WINSTON-SALEM, N.C. -- Several people in Winston-Salem are outraged after Winston-Salem/Forsyth County Schools denied a proposal to create a mandatory African-American studies course for high school students in the district.
Many people, including members of Hate Out of Winston and the LOC, expressed Tuesday night that learning African-American history should be more than a choice.
"When we look at what's going on with black children: lack of engagement and the achievement gap, nothing should be optional. We should do everything that we can to save this group of children," Miranda Jones said.
Jones said many people left the meeting angry and disappointed.
“It absolutely felt like a stab in the back," she said. “For those who asked us to canvas with them. For those who pledged there support at the library. So it absolutely felt like a betrayal."
Instead, the school board passed Superintendent Angela Hairston's recommendation, which was to strengthen the Infusion Project already in place.

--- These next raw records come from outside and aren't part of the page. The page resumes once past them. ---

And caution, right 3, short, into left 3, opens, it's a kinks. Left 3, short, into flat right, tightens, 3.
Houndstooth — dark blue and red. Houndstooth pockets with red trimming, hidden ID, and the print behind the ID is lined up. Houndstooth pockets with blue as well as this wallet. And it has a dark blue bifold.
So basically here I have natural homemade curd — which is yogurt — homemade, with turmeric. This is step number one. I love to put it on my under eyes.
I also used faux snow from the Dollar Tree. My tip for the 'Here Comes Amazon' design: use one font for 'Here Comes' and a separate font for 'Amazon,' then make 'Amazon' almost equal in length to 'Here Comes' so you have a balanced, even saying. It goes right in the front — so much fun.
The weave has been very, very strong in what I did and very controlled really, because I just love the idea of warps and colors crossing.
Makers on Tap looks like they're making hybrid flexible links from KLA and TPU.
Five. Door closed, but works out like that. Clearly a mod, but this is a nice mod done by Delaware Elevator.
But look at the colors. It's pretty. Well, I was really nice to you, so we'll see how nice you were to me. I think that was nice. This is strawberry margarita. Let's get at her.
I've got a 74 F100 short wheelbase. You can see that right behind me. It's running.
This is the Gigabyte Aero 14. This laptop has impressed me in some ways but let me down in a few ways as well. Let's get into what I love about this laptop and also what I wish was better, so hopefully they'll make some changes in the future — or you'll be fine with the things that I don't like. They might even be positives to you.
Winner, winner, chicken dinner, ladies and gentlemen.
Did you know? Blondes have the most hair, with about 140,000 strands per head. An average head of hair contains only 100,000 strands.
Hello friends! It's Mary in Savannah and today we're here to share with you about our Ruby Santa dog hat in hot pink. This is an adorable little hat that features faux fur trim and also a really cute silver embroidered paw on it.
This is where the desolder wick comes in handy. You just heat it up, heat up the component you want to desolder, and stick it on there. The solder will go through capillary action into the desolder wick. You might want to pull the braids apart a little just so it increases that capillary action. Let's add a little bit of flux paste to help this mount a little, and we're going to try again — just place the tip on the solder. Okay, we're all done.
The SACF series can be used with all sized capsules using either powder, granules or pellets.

It's a program where teachers use multicultural resources in their lessons.
“That also was the reason for putting them in social studies documents in six through eight and then American I and American II in the high school level," said Rebecca McKnight, director of social studies for the district.
McKnight said they have plans to offer American Indian studies and ethnic literature, along with the African and Latin American studies electives already in place.
“All of those courses will be elective options that are full credit and that students at every school will have the opportunity to take," McKnight said.